● What you have to do
The entries below are to be reproduced exactly, with their pictures omitted.

Crawled caption data
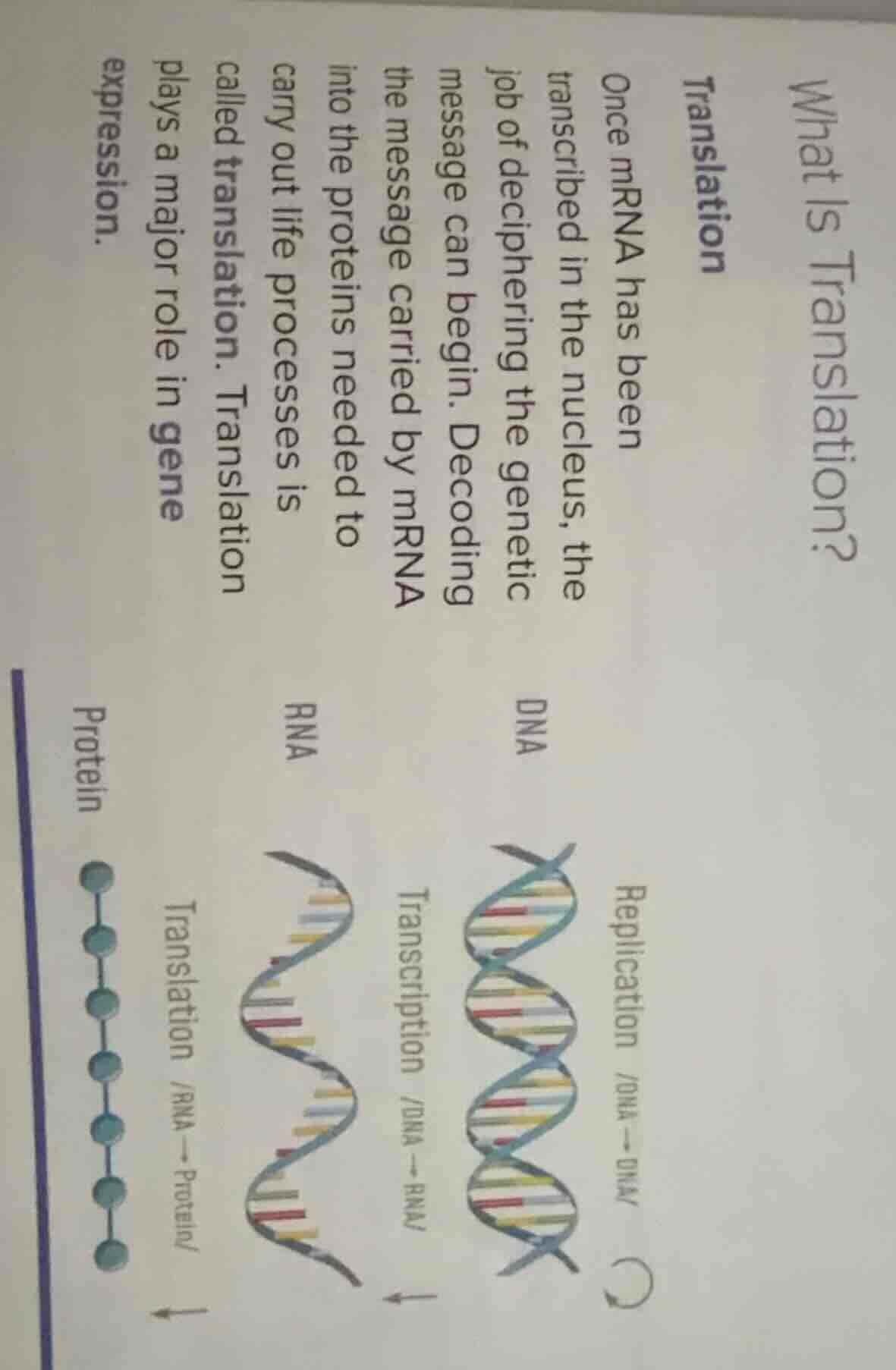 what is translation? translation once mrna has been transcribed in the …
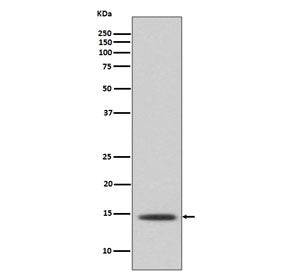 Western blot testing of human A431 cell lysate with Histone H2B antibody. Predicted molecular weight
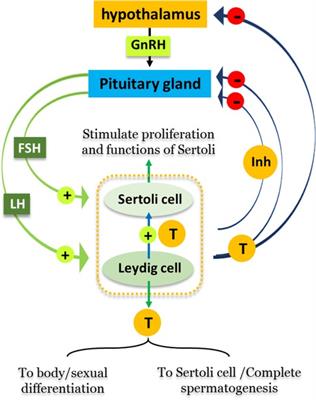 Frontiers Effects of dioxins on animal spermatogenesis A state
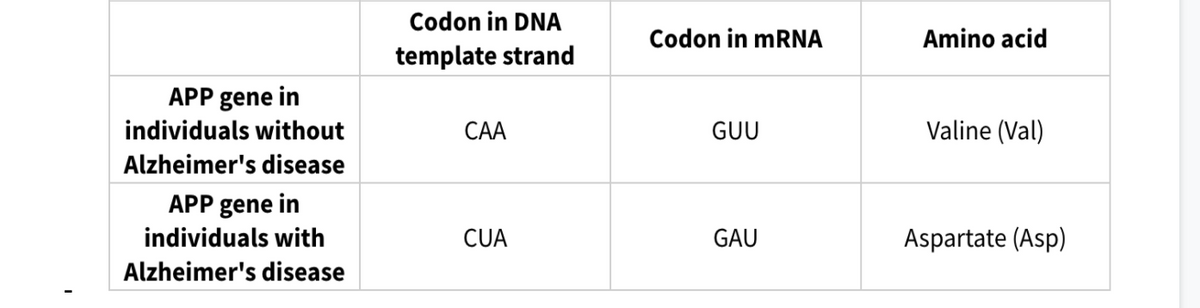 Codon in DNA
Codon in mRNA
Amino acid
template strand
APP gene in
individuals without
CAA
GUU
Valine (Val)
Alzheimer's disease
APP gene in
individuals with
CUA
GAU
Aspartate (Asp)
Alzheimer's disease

● Reply to the task
 what is translation? translation once mrna has been transcribed in the …
 Western blot testing of human A431 cell lysate with Histone H2B antibody. Predicted molecular weight
 Frontiers Effects of dioxins on animal spermatogenesis A state
 Codon in DNA
Codon in mRNA
Amino acid
template strand
APP gene in
individuals without
CAA
GUU
Valine (Val)
Alzheimer's disease
APP gene in
individuals with
CUA
GAU
Aspartate (Asp)
Alzheimer's disease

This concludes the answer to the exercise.